Ecto Embedded Schemas — Quick search through a JSONB array in PostgreSQL

Ecto Embedded Schemas — Quick search through a JSONB array in PostgreSQL - Coletiv Blog

Have you ever wanted or had the need to take a database table and cram a lot of information into a specific field using JSON?

This is possible and supported by both PostgreSQL and Ecto, and it can sometimes simplify your database in cases where you absolutely want to store some kind of nested data structure.

This post shortly describes how to create embedded schemas in Ecto to save a JSON data structure on your database, and how to implement a direct database search on this same field.

Why did I need a JSON field in the first place?

Recently, in a project I was working on, Backercamp, I had to implement a Shopify integration feature where some users would be attributed some coupons to use. I saw an opportunity here to, instead of just creating a new coupon table, to directly create a coupon field on the user table, saving me some trouble in extra queries and joins. Additionally, a JSON field might be useful when the structure of an object might vary.

In PostgreSQL, this can be done by defining a column as JSON. In this case, I actually used JSONB — a decomposed binary form of JSON — since it can be more efficient. The coupon, which included some closely related variables looked something like this:

Coupon — JSONB

{"code": "A2IFH1OI31DHQ08D", "expires_in": 12451353, "extra": true}

… which was then modified to an array, so that a user could have multiple coupons, which looks something like:

Coupon Array — JSONB[]

[
    {"code": "A2IFH1OI31", "expires_in": 12451353, "extra": true},
    {"code": "DF2EIUH2I4", "expires_in": 15135533, "extra": false},
    {"code": "SJDF9U292U", "expires_in": 46464143, "extra": true}
]

With this, I could save and retrieve the array directly from the database easily. The next step was to implement a search through this array — for this search, the input would be a “code” string, and the output would be the user that the coupon code belonged to. I basically had to search which user had a specific coupon.

And this is where I had to begin investigating…

1. Implementing a JSONB[] in Ecto

First things first, so an explanation on how to actually implement the embedded schema is still needed.

If you already know about embedded schemas and just want to know how to implement the search, feel free to skip ahead to the next section.

Embedded Schema

The proper way of implementing a complex field like this in Ecto is to “embed” it into the schema. There are 2 functions for this:

  • embeds_once: Field that includes a single JSON like object (JSONB)

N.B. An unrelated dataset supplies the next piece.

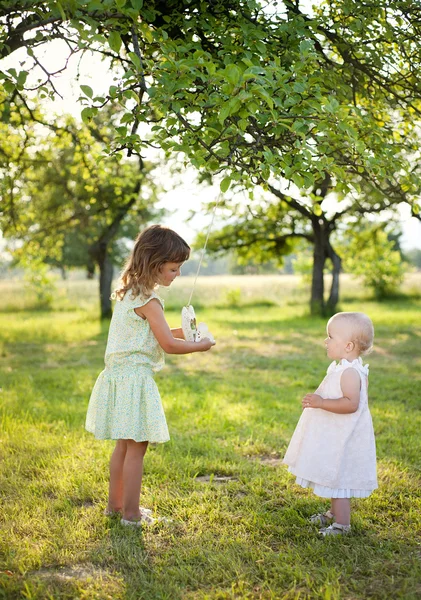 Sisters playing in park — Stock Photo, Image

  • embeds_many: Includes an array of JSON like objects (JSONB[])

schema "user" do
    field(:name, :string)
    field(:email, :string)
    timestamps()
    embeds_many(:coupons, Coupon)
end

The embedded schema itself needs to be defined, so it can describe what is stored inside the JSON.

defmodule Coupon
use Ecto.Schema
import Ecto.Changeset

@primary_key {:code, :string, autogenerate: false}    embedded_schema do
        field(:expires_in, :integer)
        field(:extra, :boolean)
    end
end

Migration

The migration to add this field is quite simple. The JSON part of the field is represented as :map

def change do
    alter table(:user) do
        add(:coupons, {:array, :map}, default: [])
    end
end

2. Building the search query in PostgreSQL

So, after all is said and done, the field worked like a charm. Whenever it was needed, I only had to query the user table and access that specific column, perfect!

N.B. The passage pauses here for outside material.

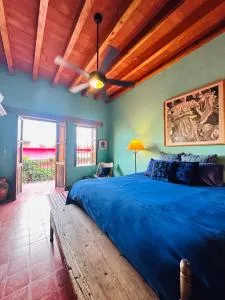 Posada de la cruz#3 - Santa Rosa de Jáuregui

When started to implement the “search by code” feature I just thought:

“Shenanigans! But how will this work inside a PostgreSQL query? 🤔🤔”

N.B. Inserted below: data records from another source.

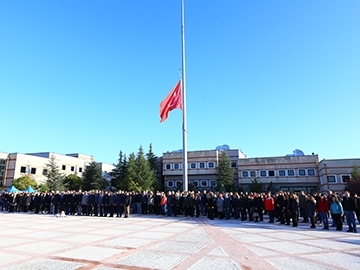 Kocaeli Üniversitesi Üniversitesi, Cumhuriyetimizin Banisi Gazi Mustafa Kemal Atatürk’ü Saygı ve Minnetle Andı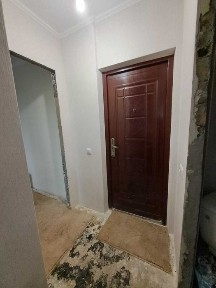 продаж 1кім квартири вул. Петлюри в житловому стані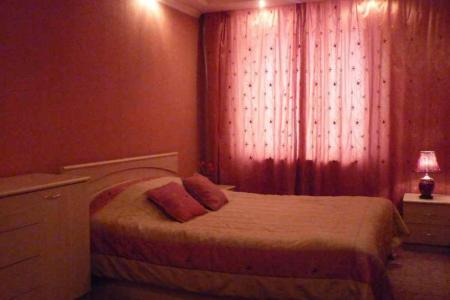 1,2 и 3х .Посуточно и по часам.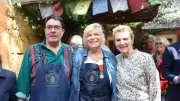 Flora Mikula reçoit la Légion d'honneur des mains d'Élise Lucet à Aigues-Mortes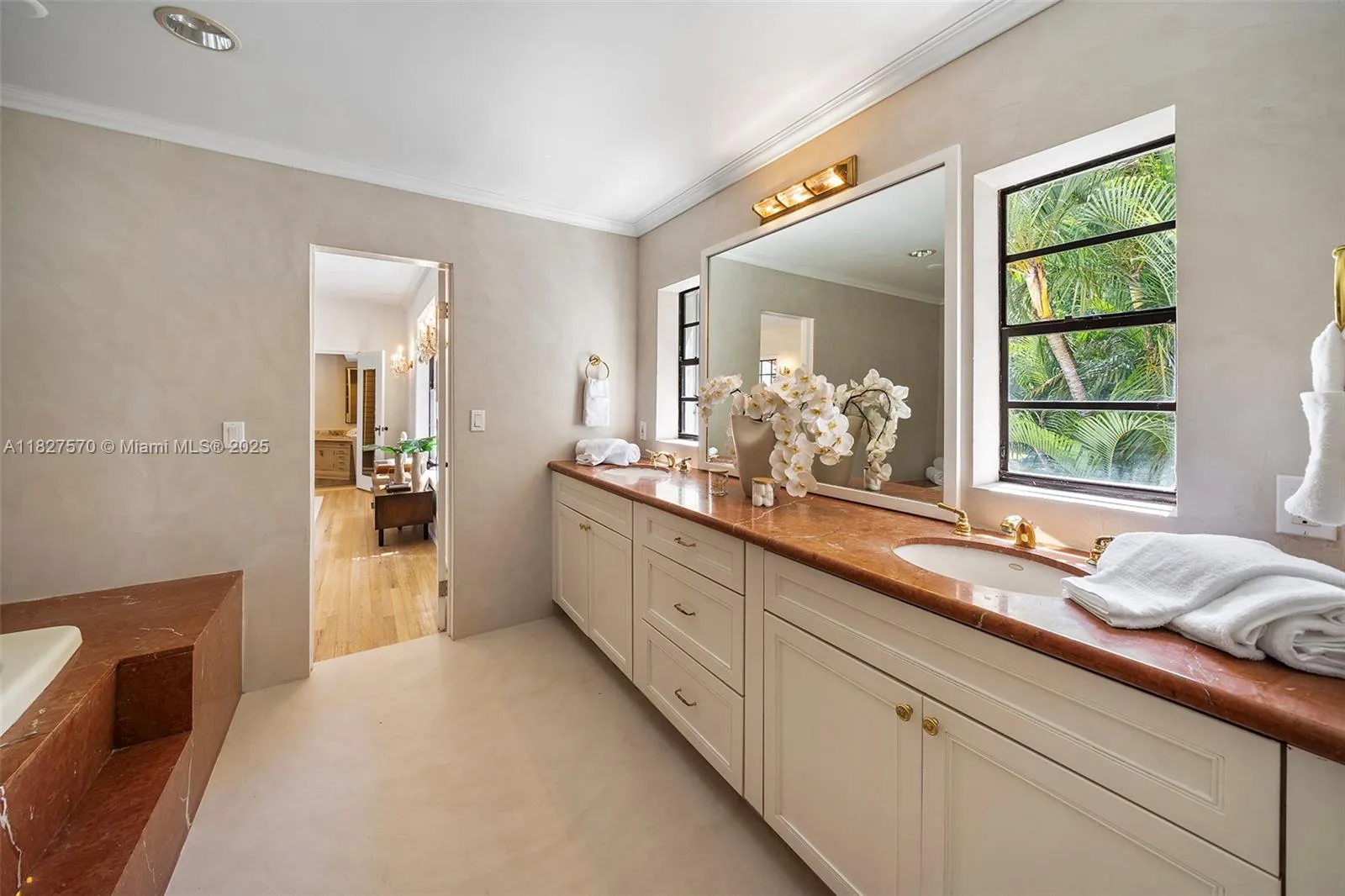 Miami Beach, Florida 33140, United States, 6 Bedrooms Bedrooms, ,7 BathroomsBathrooms,Residential,Active,158079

Turns out that, in Postgres, it is actually quite simple to access specific fields inside a JSON, as the following image shows:

Figure 1 — JSON Operators ([https://www.postgresql.org/docs/10/functions-json.html](https://www.postgresql.org/docs/10/functions-json.html)) Figure 1 — JSON Operators (https://www.postgresql.org/docs/10/functions-json.html)

The operator ->> was particularly interesting: for a single JSON object, I could immediately access the code if I wanted to:

{"code": “A2IFH1OI31", "expires_in": 12451353, "extra":  true} ->> 'code'

results in

“A2IFH1OI31"

This operand is nifty and useful, but here, I only used it directly on a single field. Now, to find a way to actually do this but for an entire array!

How do we do this for a whole array?

Searching through the same JSON functions documentation as shown above, I found an interesting function, which was supposed to unroll a JSONB into a set of values: jsonb_array_elements(jsonb). However, this function seems not to work with our JSONB[] type, only JSONBBummer 😔!

Internally, the function looks at the JSONB object and determines if there are any set of objects, but still, it does not work directly with the type we set for our coupon column…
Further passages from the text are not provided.